I put tasks like “Send Email about CoWork day-rate promotions” or “write .Net Focus On article” into the correct day in Teux Deux. I can place the task in today’s column, or in a column down the week. My tasks need to be short titled since there’s a character limit based on the width of the fluid columns, a constraint I appreciate.

Why Teux Deux makes me pump my task fist

  • Automatic task movement: if I don’t complete my tasks Teux Deux simply moves the task to the next day.
  • Five day week: The app focuses on my work week, and softly suggests that not looking at my tasks over the weekend might be a good thing. Well done Teux Deux.
  • Multiple accounts: I actually don’t use this yet, but I think I could get behind this. For one it allows me to have a personal task list and a work task list, but it also allows Jamin to have a task list for himself and I can give him my credentials to login to my task list and add tasks for me. #highfive.
  • iPhone App: Having a syncing iPhone app was an absolute must for me. It helps me get tasks down during meetings quickly.
  • Someday: I have a five column structure to add tasks that need to get off of the weekday view like “write that article about Grok” or “get armband tattoos”

Visually, Teux Deux isn’t a traditional Apple style and at first I wasn’t sure I could get behind the SwissMiss sparse simplicity. After using the app for a couple weeks now I can say that although I might add a few pixels padding to things on the web and iPhone app, I actually really appreciate the pairing down that is required to get the interface to be this refined.

I’d heard people rave about this very witty little app from the duo of Swissmiss and FictiveKin, but until I began using it myself I didn’t realize how perfect it is for my particular flow, but I can imagine there are a host of people who its never going to work for. There’s no tagging, no syncing with basecamp, no project based management. This little app doesn’t try to be anything but it’s simple self.

SimpleNote for Notes

I see notes as lists of ideas, or threads of thinking, thoughts on a project, etc. I need notes to just get this stuff out of my head.
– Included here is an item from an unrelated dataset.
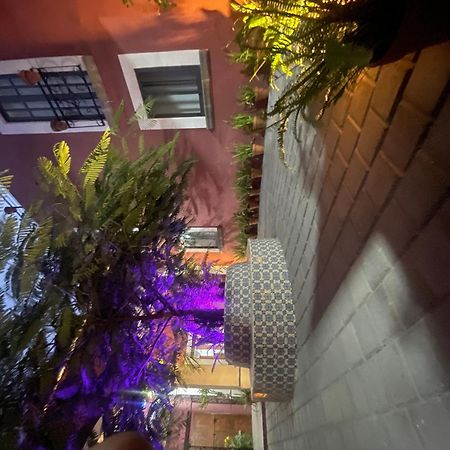 グアダラハラ Quinta La Perlaホステル エクステリア 写真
If its not actionable then I don’t put it in Teux Deux.

Why I want to be more like SimpleNote

  • Simple: This app is so freakin’ simple. Just write something down and the first line becomes the title.
  • Tagging: To help with sorting of large amounts of notes.
  • Sharing & Publishing: by tagging a note with an email address I can share it with that person, or I can even publish the note to the web so others can see my thoughts.
  • Syncing: SimpleNote has Web, iPhone, and iPad applications, and they all stay thoroughly up to date.
  • Searching: quick searching is one of the best features of this little app. I can find notes on anything with a few quick touches and a keyword.
  • Focused Interface: The minimal interface gets out of the way. The constraints like no text styling make you think hard about how to get stuff into the app in ways that keep you focused on just taking notes.
  • API: I have no idea what you would do with this, but dang it a note app with an API?! That’s forward thinking guys. Nicely done.
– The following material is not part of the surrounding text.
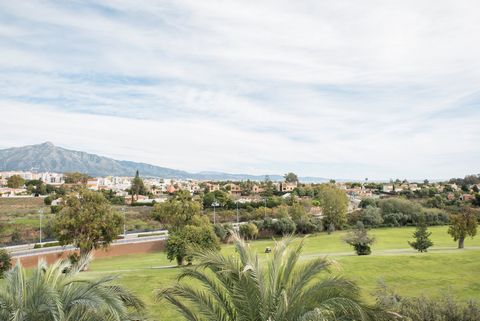 Located in Guadalmina Baja. This property is extremely well located in a gated and secure community of Guadalmina Baja, one of Marbellas most prestigious beachside areas. This duplex penthouse is ample and spacious with 3 bedrooms in total. A lovely ...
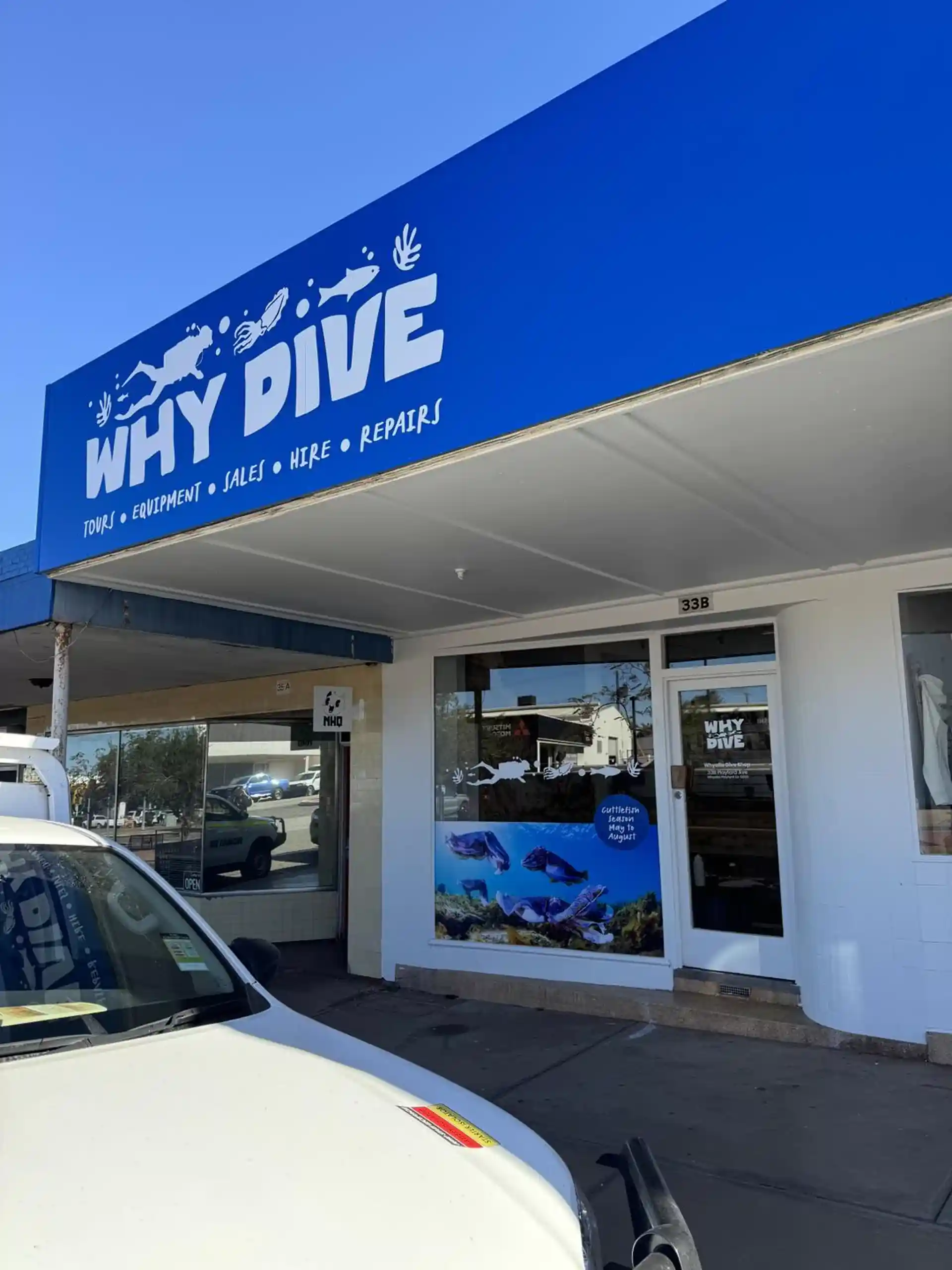 Foto de la tienda de buceo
Putting Everything in a Site Specific Browser

Lastly, I put all this stuff in a Site Specific Browser using Fluid App. This helps me keep these things as separate apps in my workflow. I’m not into using Chrome with a million tabs open. I use Chrome for browsing, not for working. I do wish Chrome would come out with a clone of Fluid Apps which is presently run through a Safari style webkit.

Specifically for SimpleNote I use a UserScript called SimpleNote Restyled that helps the app get ultra clean and look & feel like an iPad app, which I adore.

Summarize It

This is my flow. I have no idea if it would work for you, but for me this has been a great leap forward. Separation is key. I suppose there could be one app that did these things in some kind of magical integrated way and yet remained simple enough to get out of the way - as of yet, that app doesn’t exist.